▶ [TRY IT]: Here the job is to copy the data exactly and to exclude every image from it.

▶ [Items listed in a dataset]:
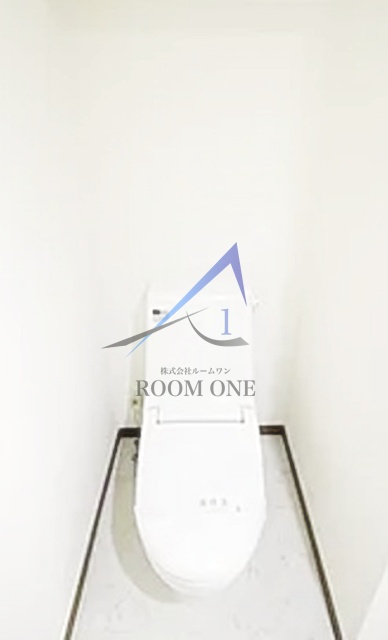 グリフィン横浜・戸部駅前　のトイレ|トイレです。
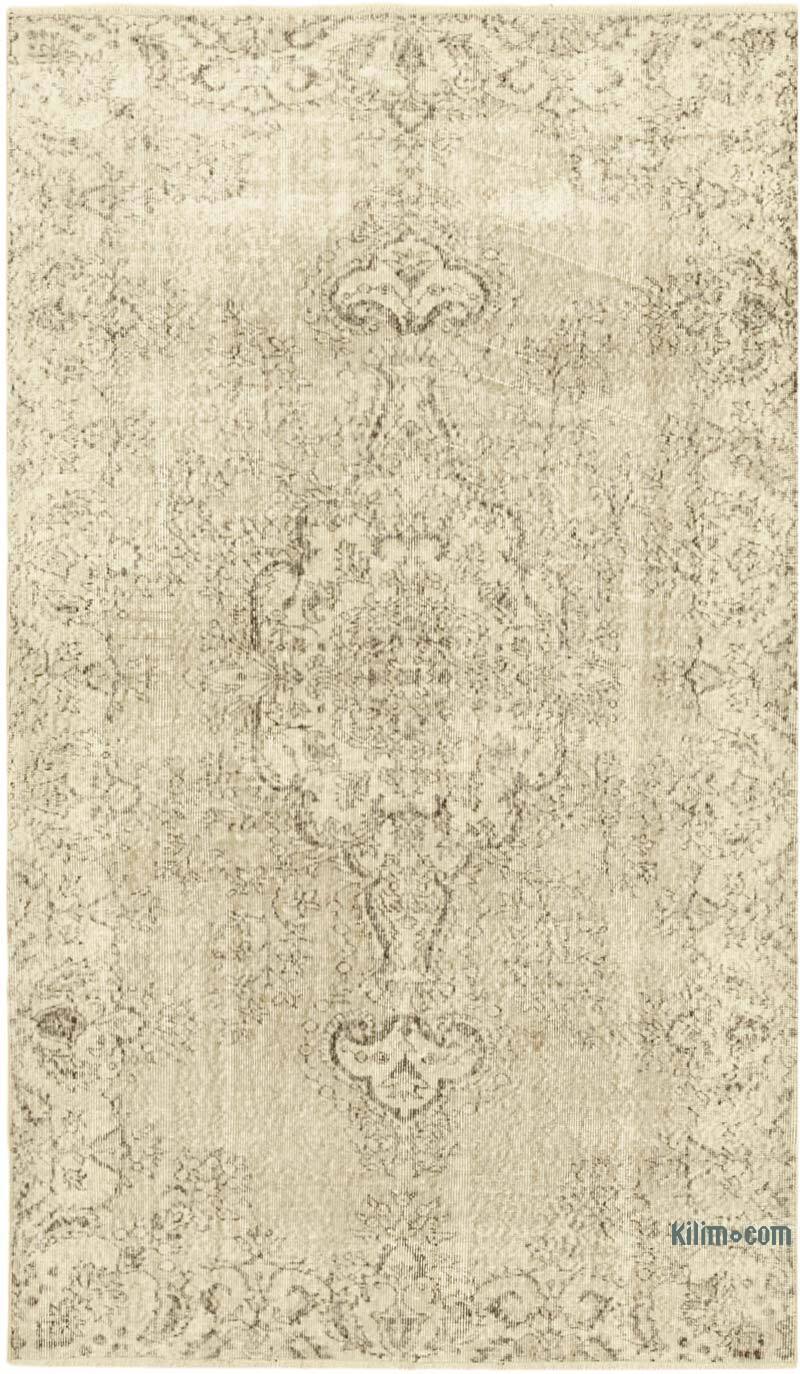 El Dokuma Vintage Halı - 150 cm x 267 cm - K0055514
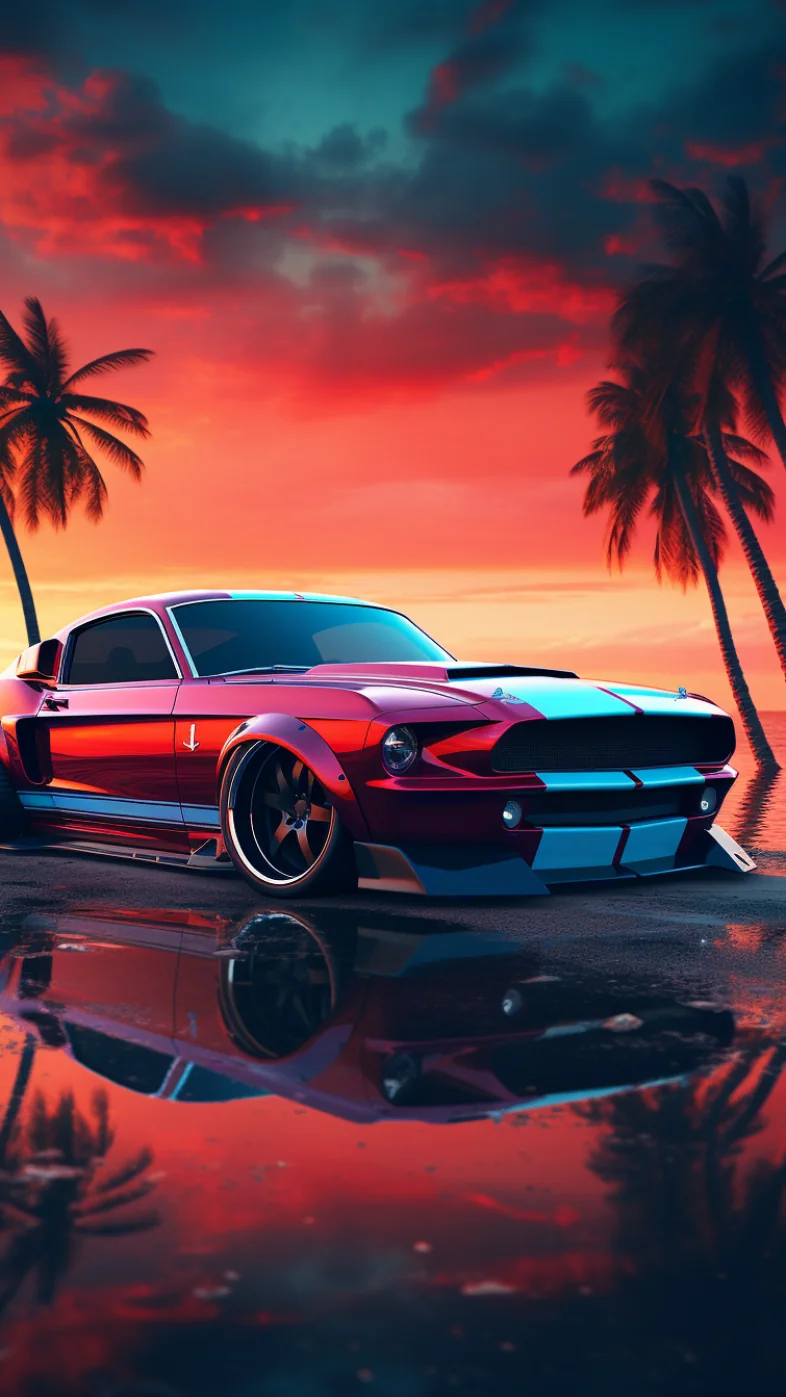 mustang car wallpaper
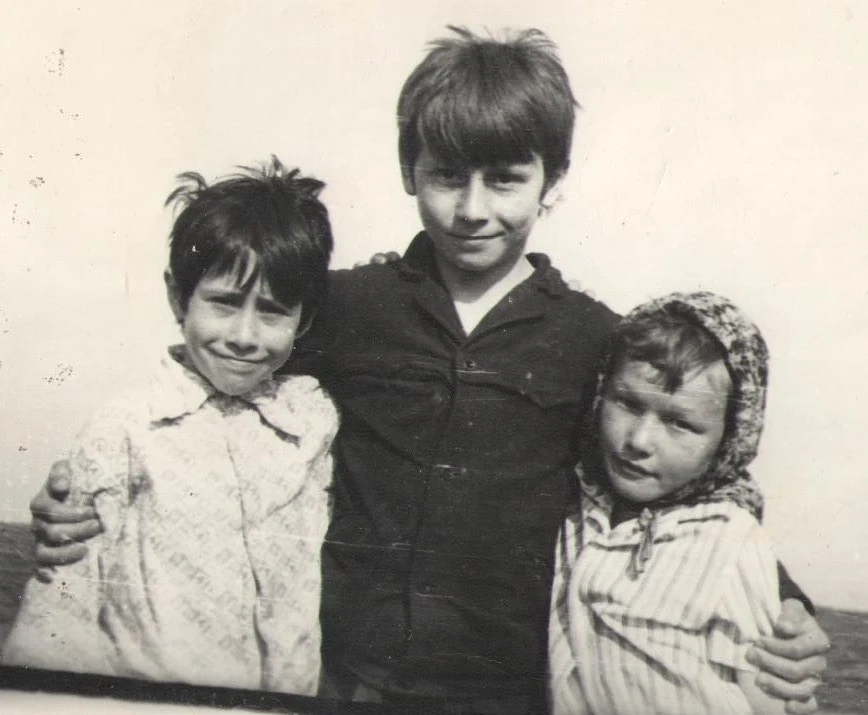 Original black & white photo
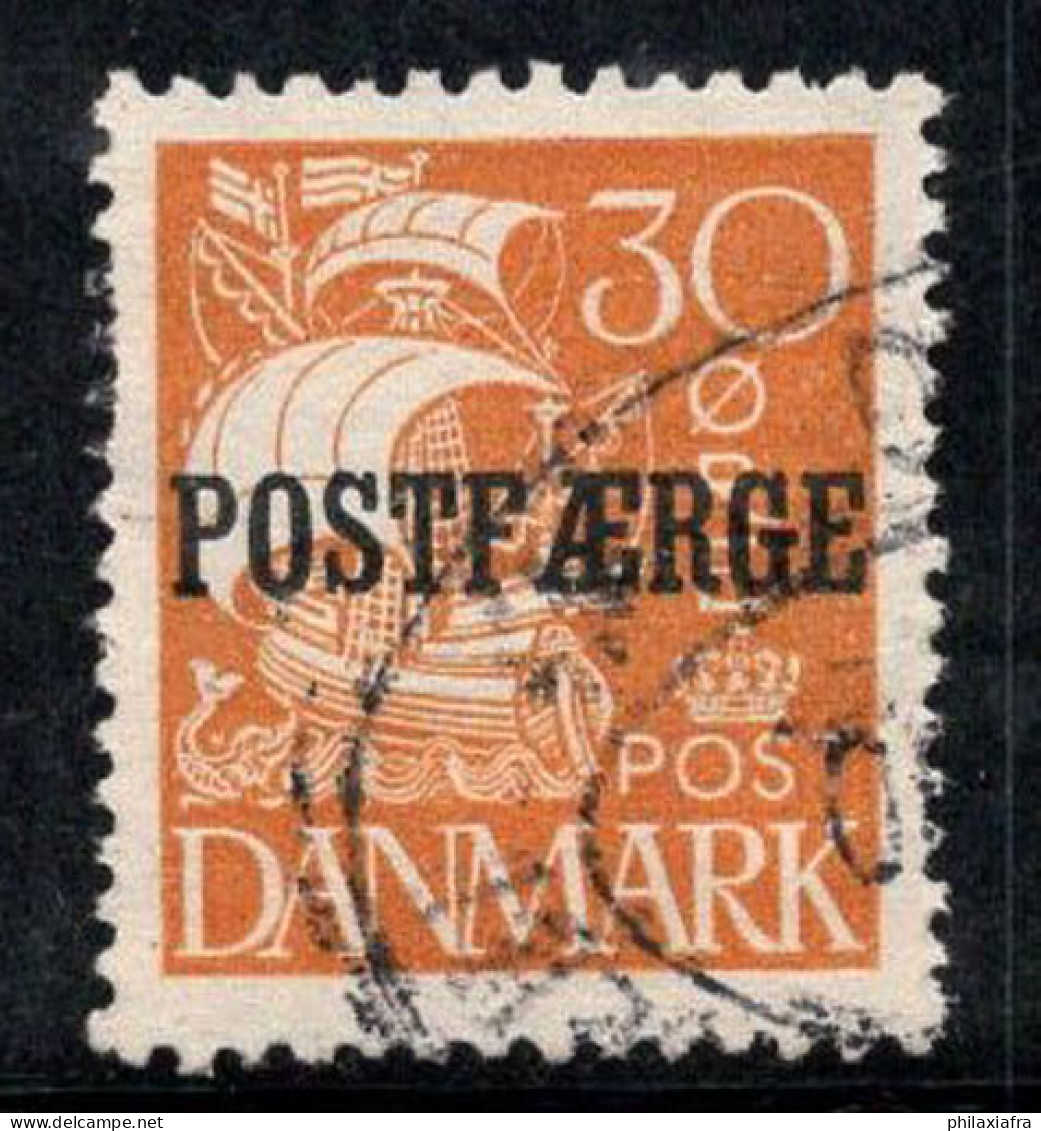 Danemark 1927 Mi. 13 Oblitéré 100% Colis Postaux 30 O, Caravelle - Postpaketten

▶ [ANSWER FOR THIS EXERCISE]:
 グリフィン横浜・戸部駅前　のトイレ|トイレです。
 El Dokuma Vintage Halı - 150 cm x 267 cm - K0055514
 mustang car wallpaper
 Original black & white photo
 Danemark 1927 Mi. 13 Oblitéré 100% Colis Postaux 30 O, Caravelle - Postpaketten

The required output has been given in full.